#### Aim of the exercise
Reproduce all of the entries below exactly, without images.

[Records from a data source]
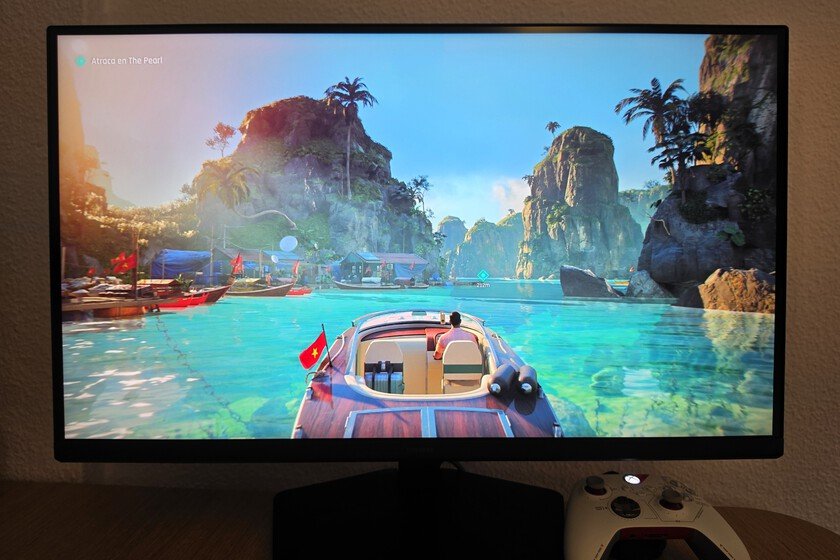 Monitor 2 en 1 ideal para gaming y productividad diaria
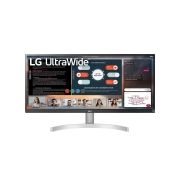 LG 29'' UltraWide™ Full HD (2560x1080) HDR IPS monitor, 29'' UltraWide™ Full HD (2560x1080) HDR IPS monitor, 29WN600-W, thumbnail 1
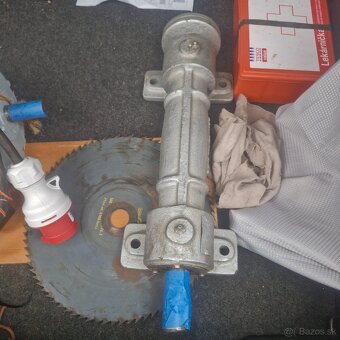 Predam elektromotor ,Osku na cirkular a kotúč - 4
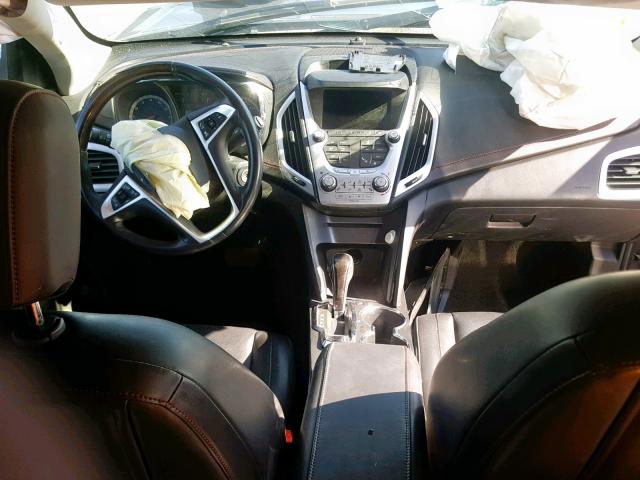 2GKALYEK0D6411596 - 2013 GMC TERRAIN DE GRAY photo 9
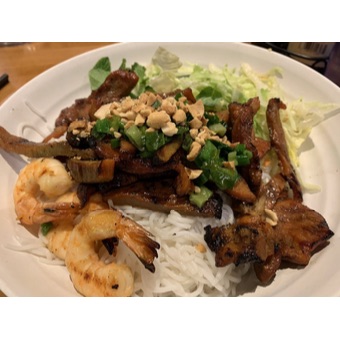 52. Grilled Shrimp and Pork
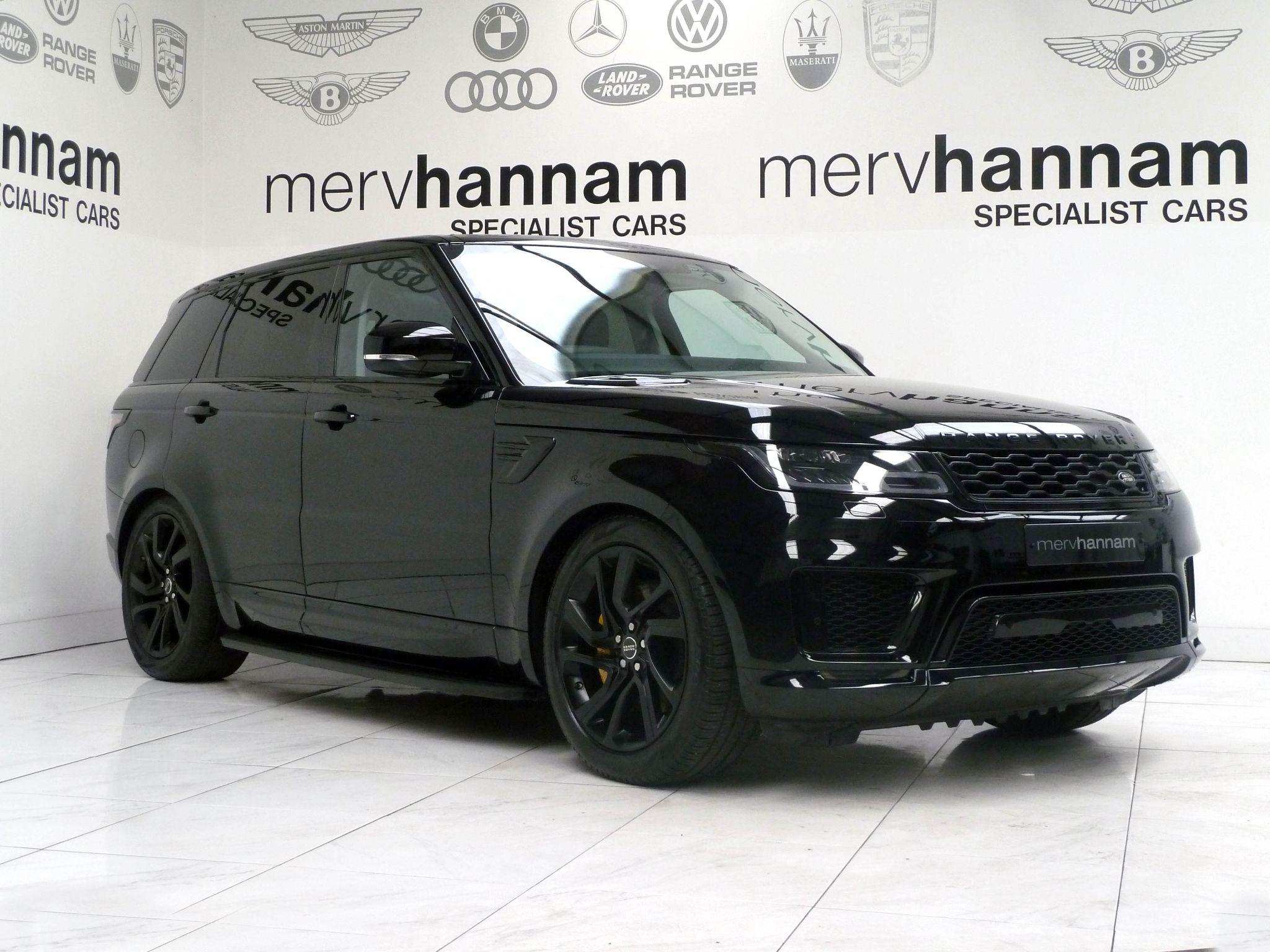 Land Rover Range Rover Sport 2.0 P400e  HSE Dynamic   <br/><br/>PAN ROOF + BLACK PACK + STEPS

#### Output for this task
 Monitor 2 en 1 ideal para gaming y productividad diaria
 LG 29'' UltraWide™ Full HD (2560x1080) HDR IPS monitor, 29'' UltraWide™ Full HD (2560x1080) HDR IPS monitor, 29WN600-W, thumbnail 1
 Predam elektromotor ,Osku na cirkular a kotúč - 4
 2GKALYEK0D6411596 - 2013 GMC TERRAIN DE GRAY photo 9
 52. Grilled Shrimp and Pork
 Land Rover Range Rover Sport 2.0 P400e  HSE Dynamic   <br/><br/>PAN ROOF + BLACK PACK + STEPS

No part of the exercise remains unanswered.